Este ano, o Brasil é palco de dois grandes marcos históricos: o centenário da Semana de Arte Moderna e suas vanguardas artísticas, e o bicentenário da Independência do Brasil.
Por isso, o Sesc SP está promovendo uma série de atividades culturais com objetivo de possibilitar reflexões críticas sobre como esses dois movimentos históricos nos impactaram enquanto país.

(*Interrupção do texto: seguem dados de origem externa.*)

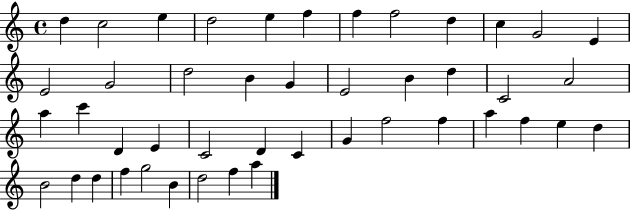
X:1
T:Untitled
M:4/4
L:1/4
K:C
d c2 e d2 e f f f2 d c G2 E E2 G2 d2 B G E2 B d C2 A2 a c' D E C2 D C G f2 f a f e d B2 d d f g2 B d2 f a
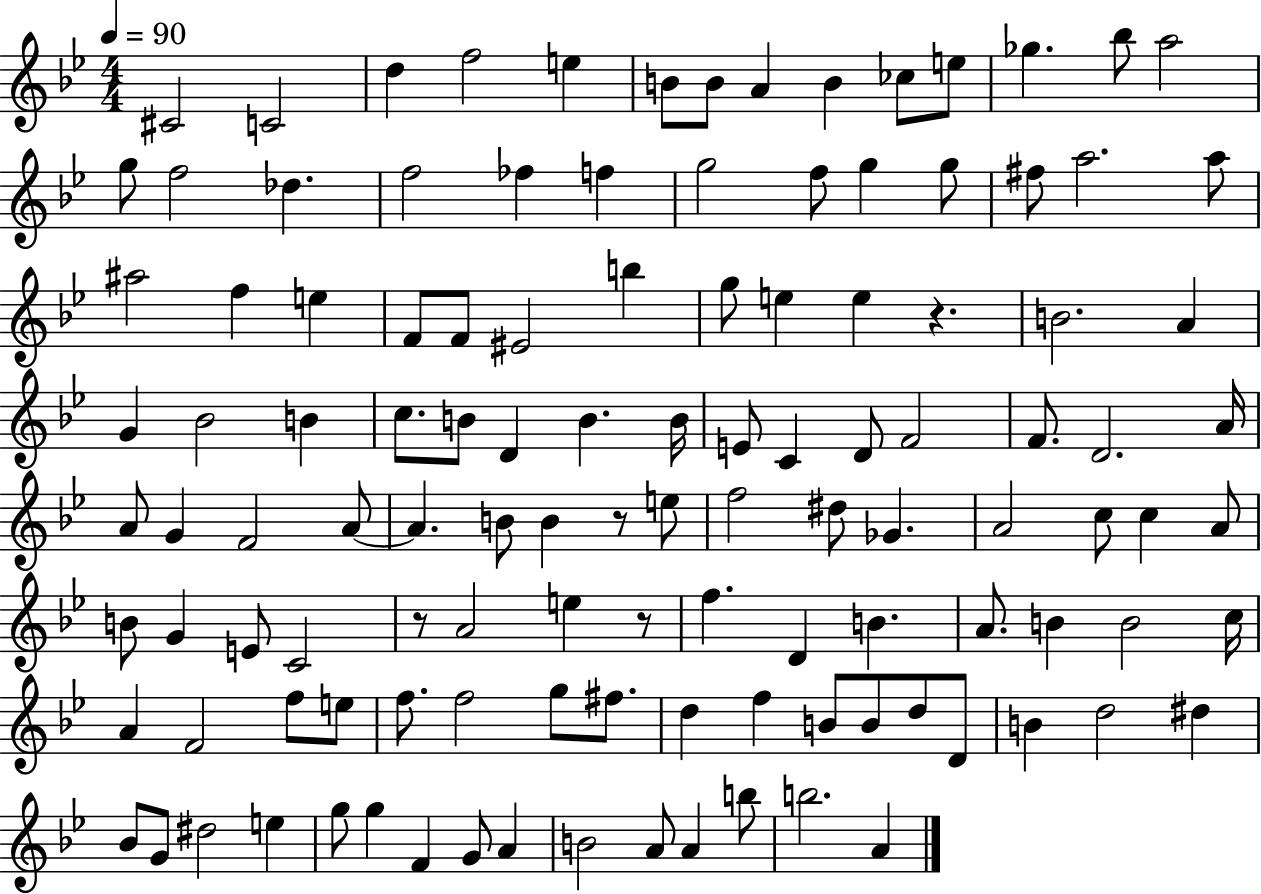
C#4/h C4/h D5/q F5/h E5/q B4/e B4/e A4/q B4/q CES5/e E5/e Gb5/q. Bb5/e A5/h G5/e F5/h Db5/q. F5/h FES5/q F5/q G5/h F5/e G5/q G5/e F#5/e A5/h. A5/e A#5/h F5/q E5/q F4/e F4/e EIS4/h B5/q G5/e E5/q E5/q R/q. B4/h. A4/q G4/q Bb4/h B4/q C5/e. B4/e D4/q B4/q. B4/s E4/e C4/q D4/e F4/h F4/e. D4/h. A4/s A4/e G4/q F4/h A4/e A4/q. B4/e B4/q R/e E5/e F5/h D#5/e Gb4/q. A4/h C5/e C5/q A4/e B4/e G4/q E4/e C4/h R/e A4/h E5/q R/e F5/q. D4/q B4/q. A4/e. B4/q B4/h C5/s A4/q F4/h F5/e E5/e F5/e. F5/h G5/e F#5/e. D5/q F5/q B4/e B4/e D5/e D4/e B4/q D5/h D#5/q Bb4/e G4/e D#5/h E5/q G5/e G5/q F4/q G4/e A4/q B4/h A4/e A4/q B5/e B5/h. A4/q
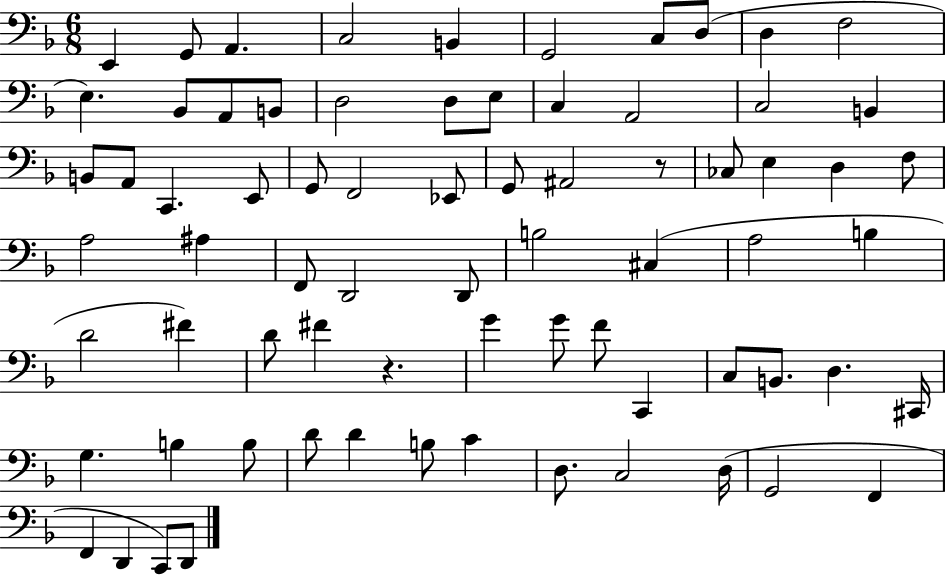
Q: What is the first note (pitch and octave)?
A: E2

E em 2022, para resgatar um grande momento da Semana de 22, — a apresentação do maestro Heitor Villa Lobos, que subiu ao palco do Theatro Municipal de casaca e chinela, para misturar ritmos populares com música clássica, encerrando o terceiro dia da Semana de Arte Moderna com muita ousadia e inspiração — e para compreendermos melhor as similaridades do erudito e do popular, batemos.um papo com a musicista Fernanda Kostchak, (que provavelmente você já viu performando no palco de alguma unidade do Sesc ao lado de seus companheiros da banda Vanguart), educadora musical há mais de 20 anos e que, com seu violino, embarcou em uma jornada musical que partiu do erudito à fusão com diferentes estilos musicais.
Nessa conversa, realizada na primeira semana de maio de 2022, falamos sobre seu flerte com esses diferentes mundos, suas intersecções e suas conexões, a riqueza da produção musical brasileira, os preconceitos que ainda existem no meio artístico e a importância da arte e da cultura para a construção de uma identidade nacional.
Como surgiu na sua caminhada artística, a necessidade de partir do violino erudito para a experimentação de diferentes estilos e também a possível fusão entre eles?
Fernanda Kostchak: Eu não sei exatamente como começou, mas eu ainda era criança e sentia falta de saber tocar músicas que eu sabia cantar ou que todo mundo conhecesse. Eu me sentia um pouco isolada por tocar músicas que só eu e meus professores e colegas de conservatório (eu comecei em conservatório) conhecíamos. Mais pra frente isso se tornou mais consciente e eu queria que o violino fosse um “chegado” de todo mundo como o violão é, por exemplo. Sobre a fusão, bem, instrumento é instrumento, você pode e deve usar da maneira que quiser, mas em termos mais técnicos, foi um desafio extremo porque a música erudita é firmada sobre uma determinada escola técnica que se você simplesmente aplicar no repertório popular sem muita reflexão, entendimento, vai fazer com que a música popular soe “erudita”, não chega a ser prejudicial, tem a ver com a escolha da interpretação que se quer realizar, mas o que eu queria mesmo é que o violino ocupasse muitos outros espaços e chegasse para muito mais pessoas.
Flertar dessa maneira com diferentes mundos, do erudito ao popular, pode gerar uma confusão entre estilos ou, pelo contrário, resultar em composições mais ricas e interessantes?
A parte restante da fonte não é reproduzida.